Since Feb. 17, Nestor F. Guzman, a municipal-court judge in the city, has sentenced 30 parents of truant students to spend between one week and 30 days each working in their child’s school.

While elsewhere around the country judges have sentenced parents to attend school with their truant children, Paterson is believed to be the only district that requires parents to perform services for the schools.

To date, all 30 parents have completed their mandated service, and school administrators are hailing the program a success in limiting absenteeism. Average daily attendance had risen to 93 percent as of March, up from 91.2 percent in the 1990-91 school year.

“The response we’ve gotten has been much more positive; [the parents] are very supportive,’' Chuck Coligan, a spokesman for the district, said, noting that most parents try to schedule their period of service as soon as possible after sentencing.

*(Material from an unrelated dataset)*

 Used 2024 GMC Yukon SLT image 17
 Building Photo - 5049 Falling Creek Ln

“The sentence is a very nice alternative, considering what the other alternative is, which is a jail sentence,’' he added.

‘Growing Concern’

Paterson’s problems are “no more chronic’’ than those of most urban districts, according to Mr. Coligan. Located in northern New Jersey about 15 miles west of New York City, Paterson is the state’s third-largest district, with an enrollment of 24,263 students.

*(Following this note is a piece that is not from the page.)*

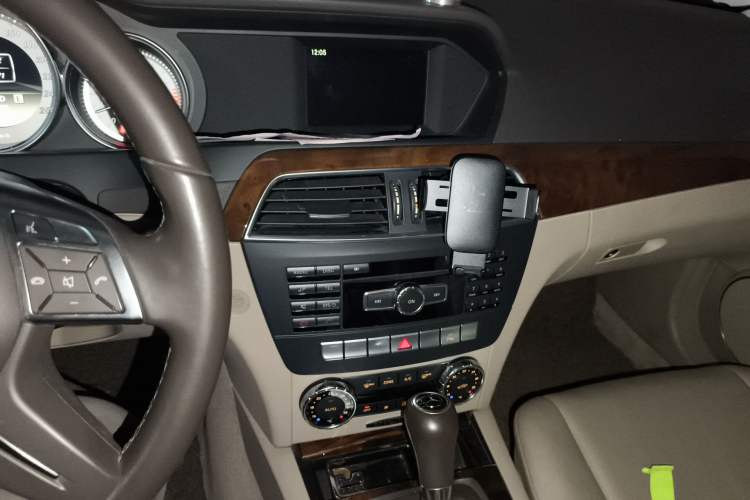 Used Mercedes-Benz C-Class 2011 C 200 CGI Elegant Model Audio And AC Panel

Last summer, declaring the district bankrupt and poorly managed, the New Jersey Board of Education took control of the schools. It immediately disbanded the Paterson board of education and fired Superintendent Frank Napier Jr., replacing him with Laval S. Wilson, the former superintendent of the Boston Public Schools. (See Education Week, Sept. 4, 1991.)

“It’s clear that attendance was a problem along with a number of other issues,’' Mr. Wilson said. The new program “indicates to parents that they have a major responsibility legally to get young people to school, and, if their young people are not going to attend, there are some personal penalties associated with it,’' he added.

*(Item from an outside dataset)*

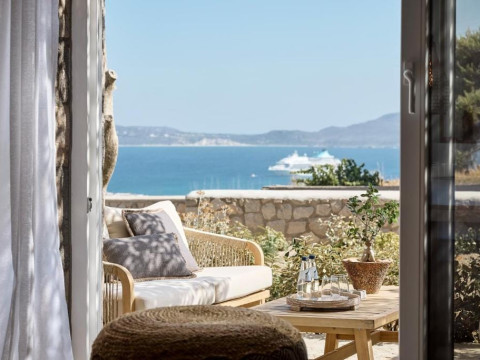 Nirome Luxury Suites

Growing concern about truancy is also evident in City Hall. Paterson’s Mayor, William J. Pascrell, who also serves in the state Assembly, has introduced state legislation that would classify a parent’s failure to ensure that his or her child attends school as a “petty disorderly persons’’ offense, punishable by a fine of up to $500, 30 days in jail, or both.

Currently, district policy in Paterson requires students to attend school at least 160 days a year, and to have no more than 20 unexcused absences.

In a typical truancy case, once a student has accrued 5 days of unexcused absences, one of the district’s 16 attendance officers sends a written notice to the student’s home. At the 10-, 15-, and 20-day marks, an officer pays a personal visit to the child’s parents at home.

Under current state law, once students pass the 20-day mark, their parents can be fined $25 for a first offense and $100 for a second offense. For a third offense, they can be jailed.

By the time a case reaches the courts, Mr. Coligan said, most truant students have accumulated 32 days of unexcused absences. In one of the most egregious cases, a student missed 115 days of school in one academic year.

While Paterson’s program appears to be unique in mandating parent service to the school, an increasing number of jurisdictions are punishing the parents of truants, according to representatives of several organizations that track juvenile-justice issues.

One such program, LearnFare, launched in Wisconsin in 1988, cuts families’ welfare benefits if their child has more than two unexcused absences in a month.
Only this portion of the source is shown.